Ясно, что этот принцип систематизации должен быть несовместим с признанием какой бы то ни было «фактичности» некоего «содержания», которое не выводимо из принципа оформления [Formgebung] и потому должно быть воспринято просто как фактуальная данность [Faktizitaet]. Великолепие, парадоксальность и трагизм классической немецкой философии тем самым заключаются в том, что она уже не заставляет, подобно Спинозе, всякую данность исчезать как несуществующую за монументальной архитектурой рациональных, порожденных рассудком форм, а, напротив, постигает иррациональный характер данности содержания понятия, держится за него, но, выходя за рамки этой констатации, преодолевая ее, стремится возвести систему. Из вышеизложенного, однако, должно было стать очевидным, что именно означает для системы рационализма проблема данности: то, что данность ни в коем случае нельзя оставлять в ее наличном существовании и так-бытии [Sosein], ибо здесь она остается непреоборимо «случайной», но что следует целиком претворить, переработать ее в рациональную систему рассудочных понятий. На первый взгляд, тут имеет место совершенно неразрешимая дилемма. Ведь либо «иррациональное» содержание целиком растворяется в понятийной системе, а значит, нужно сообщить ей такую конструкцию и такую всеобщую применимость, как если бы не существовало никакой иррациональности содержания, никакой данности (которая в лучшем случае может выступать в качестве задачи в вышеуказанном смысле), в результате чего мышление опускается на ступень наивно-догматического рационализма: оно неким образом рассматривает как несуществующую чистую фактичность иррационального содержания понятия. (Даже если подобная метафизика прикрывается формулой, согласно которой такая содержательность «иррелевантна» для познания.) Либо нужно признать, что данность, содержание, материя определяюще вторгаются в оформление, в структуру форм, в отношение форм друг к другу, то есть в структуру самой системы, вследствие чего система должна отказаться от себя как от системы; система выступает лишь как возможно более наглядная регистрация, возможно более упорядоченное описание фактов, чья взаимосвязь, однако, уже больше не является рациональной, то есть уже больше не является систематизируемой, даже если формы элементов этих фактов тоже являются рассудочными и рациональными.
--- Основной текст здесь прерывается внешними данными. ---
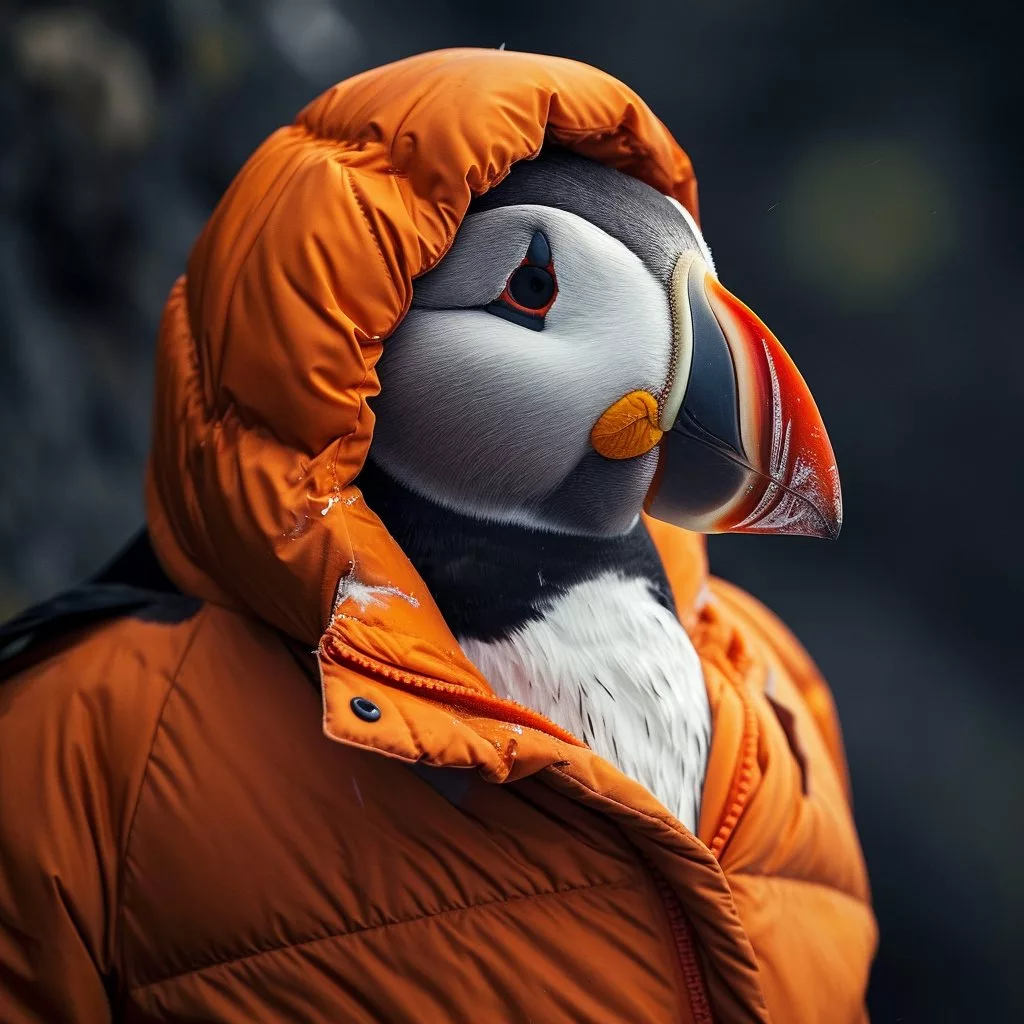 Midjourney image of a puffin wearing a puffa jacket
Но было бы поверхностно останавливаться на этой абстрактной дилемме, и классическая философия никогда этого не делала. Когда она до предела обострила логическую противоположность формы и содержания, где встречаются и перекрещиваются все лежащие в основе философии противоположности, когда она удерживала эту противоположность и, тем не менее, пыталась систематически овладеть ею, она обретала способность пойти дальше своих предшественников и заложить методологические основания диалектического метода.
Ее упорное стремление возвести рациональную систему, несмотря на ясно познанную и таким образом сохраненную иррациональность содержания понятия (данности), должно было методологически толкать ее в направлении динамического релятивирования этих противоположностей. Конечно, и здесь шла впереди современная математика как методологический образец. Находившиеся под ее влиянием системы (в особенности система Лейбница) берут иррациональность данного в качестве задачи. И на самом деле для метода математики любая иррациональность конкретного преднайденного содержания выступает лишь как импульс к такому преобразованию, такому перетолкованию системы форм, посредством которых были порождены прежние взаимосвязи, чтобы кажущееся на первый взгляд «данным» содержание стало после этого тоже «порожденным», чтобы фактичность разрешилась в необходимости. Как ни велик прогресс в понимании действительности («святой математикой») в сравнении с достигнутым в догматический период, но и тут не следует забывать, что математический метод имеет дело с понятием иррациональности, уже методологически приспособленным к его методологическим требованиям, гомогенным этим требованиям (и, через посредство этого понятия, – со сходным понятием фактичности, бытия). Безусловно, позициональная иррациональность содержания понятия существует и здесь: но методом, полаганием она с самого начала приурочена к предельно чистой позициональности, то есть к релятивированию.